The data:

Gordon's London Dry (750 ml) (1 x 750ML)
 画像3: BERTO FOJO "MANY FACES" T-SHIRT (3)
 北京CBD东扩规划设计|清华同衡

What this task involves: Give back the material above exactly as it was given.

Result below:
Gordon's London Dry (750 ml) (1 x 750ML)
 画像3: BERTO FOJO "MANY FACES" T-SHIRT (3)
 北京CBD东扩规划设计|清华同衡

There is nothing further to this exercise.